Jika benar publik menduga adanya kepentingan politik dibalik penyaluran hibah tersebut, tentu hal ini telah bersebrangan dengan aturan Kementerian Dalam Negeri (Kemendagri), secara tegas melalui Surat Edaran (SE) kepada pemerintah daerah (pemda) mengatur penundaan distribusi bantuan sosial (bansos) dari Anggaran Pendapatan Belanja Daerah (APBD) menjelang Pilkada Serentak 2024.
Mengkritisi adanya fenomena politik hibah di Pilkada Serentak 2024 di Bali, sebagai seorang politisi, Anak Agung Bagus Adhi Mahendra Putra akrab disapa Gus Adhi (AMP) mengatakan, haram hukumnya bagi calon kepala daerah memanfaatkan dana hibah atau Bansos (Bantuan Sosial) untuk kepentingan politik pribadi, Rabu, 11 Desember 2024.
“Jelas (Politisasi Hibah, red) haram hukumnya. Karena dalam Undang-Undang Pemilu sudah diatur soal itu, seseorang yang akan maju menjadi calon (kepala daerah, red), apalagi incumbent, tidak boleh lagi menjalankan kebijakan penyaluran hibah. Karena hibah tersebut sifatnya menjadi berbeda, menguntungkan dan merugikan masing-masing pihak yang ber kontestasi. Seharusnya Bawaslu jelang Pilkada sudah tahu soal aturan ini, jika benar ada faktanya calon incumbent masih menyalurkan hibah jelang kontestasi, atas nama hukum seharusnya yang bersangkutan batal sebagai calon,” sentil Gus Adhi kepada wartawan Balipolitika.com, melalui sambungan telepon.
Tak cukup hanya politisasi hibah, pelaksanaan Pilkada Serentak 2024 di Bali juga diwarnai adanya dugaan keterlibatan perangkat desa dan Aparatur Sipil Negara (ASN), menurut informasi sejumlah calon kepala daerah di Bali memanfaatkan aparat desa sebagai alat pemenangan, bahkan secara terang-terangan para oknum perangkat desa ini menggunakan kewenangannya untuk mengarahkan masyarakat memilih calon tertentu, hal ini diketahui berdasarkan adanya temuan masyarakat berupa surat edaran di sejumlah desa yang mengindikasikan adanya unsur politik praktis.
Munculnya wacana politisasi hibah dan perangkat desa menjadi sebuah dinamika yang mewarnai pesta demokrasi di Bali, tak sedikit kalangan menilai hal ini sebagai sebuah krisis demokrasi, masyarakat dipaksa untuk terbiasa akan hal-hal seperti ini, mungkin saja bagi mereka para “pelakunya” politik itu ya menghalalkan segala cara. Tetapi, di lain hal aturan main sudah jelas, ada regulasi yang seharusnya tidak boleh dilanggar para kontestan di Pilkada Serentak 2024.

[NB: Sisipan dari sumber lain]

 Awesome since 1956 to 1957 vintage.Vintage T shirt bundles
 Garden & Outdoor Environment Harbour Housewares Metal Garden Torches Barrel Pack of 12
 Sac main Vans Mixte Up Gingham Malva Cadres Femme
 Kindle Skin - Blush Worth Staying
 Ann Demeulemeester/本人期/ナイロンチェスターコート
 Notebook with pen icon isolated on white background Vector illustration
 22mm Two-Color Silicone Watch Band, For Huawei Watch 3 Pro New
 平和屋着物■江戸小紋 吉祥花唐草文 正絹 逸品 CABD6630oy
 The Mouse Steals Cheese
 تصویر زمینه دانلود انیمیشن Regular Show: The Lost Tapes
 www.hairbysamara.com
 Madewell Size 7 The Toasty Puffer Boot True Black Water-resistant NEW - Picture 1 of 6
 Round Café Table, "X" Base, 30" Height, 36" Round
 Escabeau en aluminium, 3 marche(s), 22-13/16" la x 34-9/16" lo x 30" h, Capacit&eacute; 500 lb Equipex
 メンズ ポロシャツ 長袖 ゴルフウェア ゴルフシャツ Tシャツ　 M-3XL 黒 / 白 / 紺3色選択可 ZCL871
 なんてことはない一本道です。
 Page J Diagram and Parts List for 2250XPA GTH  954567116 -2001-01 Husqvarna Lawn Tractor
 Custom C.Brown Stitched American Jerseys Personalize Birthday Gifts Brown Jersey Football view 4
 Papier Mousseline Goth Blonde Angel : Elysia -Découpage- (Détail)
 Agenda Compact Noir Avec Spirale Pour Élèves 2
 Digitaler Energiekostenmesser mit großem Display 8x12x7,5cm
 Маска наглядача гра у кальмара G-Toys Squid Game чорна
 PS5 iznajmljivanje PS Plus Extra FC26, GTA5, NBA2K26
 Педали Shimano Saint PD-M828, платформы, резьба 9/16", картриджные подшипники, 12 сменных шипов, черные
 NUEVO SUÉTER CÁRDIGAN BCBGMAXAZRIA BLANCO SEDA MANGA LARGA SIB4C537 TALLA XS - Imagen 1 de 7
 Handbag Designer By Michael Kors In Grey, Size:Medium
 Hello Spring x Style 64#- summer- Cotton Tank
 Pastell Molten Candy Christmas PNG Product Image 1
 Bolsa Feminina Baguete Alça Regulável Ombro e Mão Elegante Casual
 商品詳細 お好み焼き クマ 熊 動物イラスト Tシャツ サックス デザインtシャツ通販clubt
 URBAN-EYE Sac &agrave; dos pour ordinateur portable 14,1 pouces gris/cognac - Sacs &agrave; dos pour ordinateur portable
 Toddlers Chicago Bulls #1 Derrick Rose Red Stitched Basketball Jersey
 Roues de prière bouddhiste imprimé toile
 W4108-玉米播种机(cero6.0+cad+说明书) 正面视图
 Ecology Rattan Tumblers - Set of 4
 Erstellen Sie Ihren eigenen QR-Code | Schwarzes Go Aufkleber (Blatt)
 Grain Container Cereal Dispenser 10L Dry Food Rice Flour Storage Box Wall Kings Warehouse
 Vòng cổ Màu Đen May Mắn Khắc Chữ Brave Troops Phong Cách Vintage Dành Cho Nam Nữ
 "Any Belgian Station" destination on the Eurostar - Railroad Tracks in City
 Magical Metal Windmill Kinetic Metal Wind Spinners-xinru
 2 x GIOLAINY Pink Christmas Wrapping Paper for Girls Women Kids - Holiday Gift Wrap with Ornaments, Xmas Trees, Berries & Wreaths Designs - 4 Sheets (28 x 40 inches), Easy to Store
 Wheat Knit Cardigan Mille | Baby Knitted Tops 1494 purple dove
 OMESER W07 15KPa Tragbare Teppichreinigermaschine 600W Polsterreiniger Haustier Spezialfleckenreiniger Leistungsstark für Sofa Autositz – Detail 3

Jika saat ini kabar yang beredar di masyarakat adanya politisasi hibah dan perangkat desa benar terjadi di Bali, seharusnya sejak awal sebelum dimulainya perhelatan akbar, sudah menjadi sebuah kewenangan dan tugas Komisi Pemilihan Umum (KPU) dan atau Badan Pengawas Pemilu (Bawaslu) untuk melakukan upaya-upaya pencegahan hingga penindakan, terkait adanya potensi pelanggaran Pemilu tersebut di Bali.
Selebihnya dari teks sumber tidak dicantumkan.